# Hookup.



## toojo (Dec 4, 2008)

Habitat lights,water pump,extractor etc not working on hookup.Everything ok when engine is running.All ideas would be much appreciated.
John.


----------



## ralph-dot (May 10, 2005)

daft answer but is there a switch?


----------



## toojo (Dec 4, 2008)

I can assure you ralph with me that is not such a daft question.It is showing hookup ok,fridge,sockets etc ok it is just the main switch for lights etc not coming on.I am baffled.


----------



## H1-GBV (Feb 28, 2006)

Well, if that wasn't a daft question:.........

Do you have a "fuse box"? Mine is in the wardrobe and consists of a mains switch and 2 circuit breakers (a bit like in the house, but with fewer bits). One circuit for sockets, one for fridge, water heater etc. Do you know how to check fuses are OK - if yours has circuit breakers, all the switches should be in the "same" position.

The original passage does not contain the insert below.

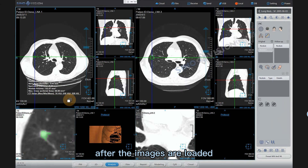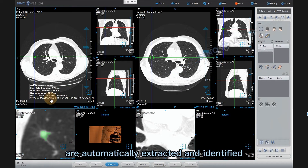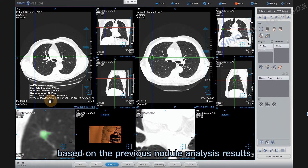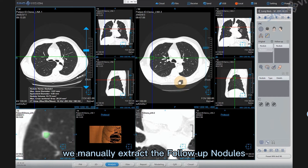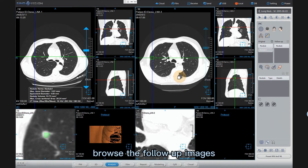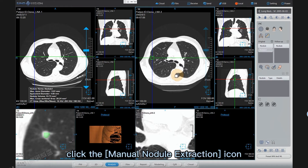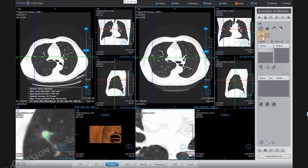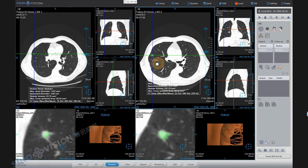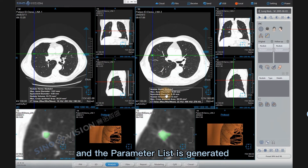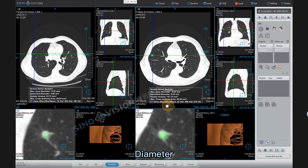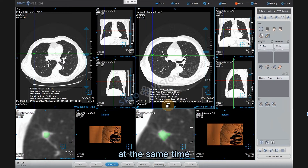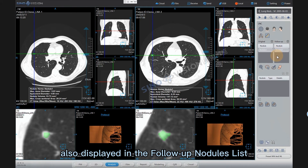After the images are loaded, the previous nodules in the original series are automatically extracted and identified based on the previous nodule analysis results. After the original nodules have been extracted, we manually extract the follow-up nodules. Browse the follow-up images and find the level of the nodule. Click the manual nodule extraction icon and click on the center of the nodule to extract it. The nodule is now extracted and the parameter list is generated on the follow-up axial image too, including nodule name, diameter, volume, CT value, etc. The nodule is also displayed in the follow-up nodule list.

If it keeps blowing fuses, something is seriously wrong - DO NOT fit a higher-rated fuse


----------



## toojo (Dec 4, 2008)

I have checked the switch in the wardrobe it is on or the hookup light would not be on,fuses are behind the passenger seat,can I check them with a multi meter.Dont see any circuit breakers.Each appliance has a seperate fuse.


----------



## Jennifer (Mar 24, 2009)

Being a mere female of the species, are you sure that the fuse in the hook up that you are connected to has not blown prior to your connection.


----------



## toojo (Dec 4, 2008)

No Jennifer,the fridge, sockets are fine,it is only the appliances of the main switch,water pump extractor,lights.Thanks for your input though,and you other guys.I think it is a job for an auto spark
John.


----------



## H1-GBV (Feb 28, 2006)

Hi again John

Sorry if I appear a bit dense, but I'm not familiar with your van.

MY van has the mains switch and mains-type circuit breakers in the wardrobe. Power comes in via my EHU cable to the switch, then the circuit breakers. A transformer knocks the 240Vac down to 12V dc to charge the batteries.

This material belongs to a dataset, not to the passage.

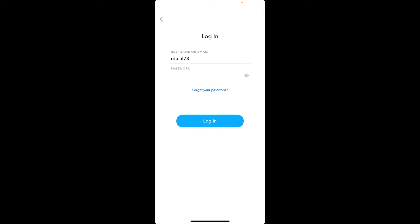Once you are done entering your credentials and it is correct, tap on the login button in blue. But in case you've forgotten your password and you don't know how to log into your account, simply tap on forgot your password link and follow the on-screen prompts to retrieve your password back for Snapchat.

Under my seat is an array of fuses. These ensure the normal "car" type circuits do not overload - they have nothing to do with the water pump, extractor, lights.

However, by my entrance door is a control panel, with a number of switches and leds on. These have to be operational for the various light circuits, pupm, fan etc to work, whether the power is coming via EHU or alternator.

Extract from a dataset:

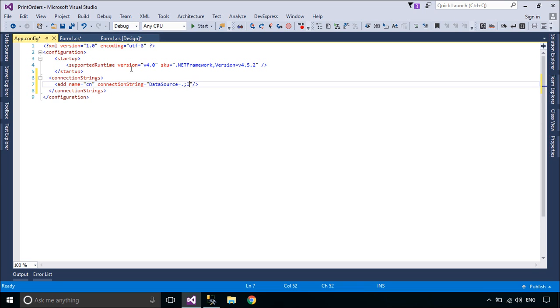Every time you want to change the connection string, just change the main connection string in the app.config file. By this method you don't need to change all of the forms in your project — just change the connection string in the app.config.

IF you have a control panel, is everything functioning?

Self-checks, although time-consuming and boring, are a lot cheaper than a sparky!

Good luck - Gordon


----------



## Wizzo (Dec 3, 2007)

You have me baffled too. Do you have a hab battery separate from the vehicle battery? If you do then I am wondering why it will not work because normally the 12v side runs off the battery whether connected via hook-up or not.

Is the battery fully charged?

Is the battery charger switched on?

JohnW


----------



## trevorf (May 16, 2005)

Sounds to me like none of your 12V systems are working. I would check you have switched the 12V power to leisure battery position, the leisure batteries themselves, main leisure battery fuse, leisure battery charger in that order.


Trevor


----------



## barryd (May 9, 2008)

Wizzo said:


> You have me baffled too. Do you have a hab battery separate from the vehicle battery? If you do then I am wondering why it will not work because normally the 12v side runs off the battery whether connected via hook-up or not.
> 
> Is the battery fully charged?
> 
> ...


We had a similar problem and it was the battery charger that was duff. If everything works when the engine is running then presumably the engine is kicking power to the leisure battery but when you turn it off it all goes off so it looks like nothing is charging the battery or its not holding its charge? When you turn the engine off do the lights go off completely or just go dim?


----------



## spatz1 (May 19, 2011)

toojo said:


> Habitat lights,water pump,extractor etc not working on hookup.Everything ok when engine is running.All ideas would be much appreciated.
> John.


Is everything suposed to work in the hab area when the engine is running ????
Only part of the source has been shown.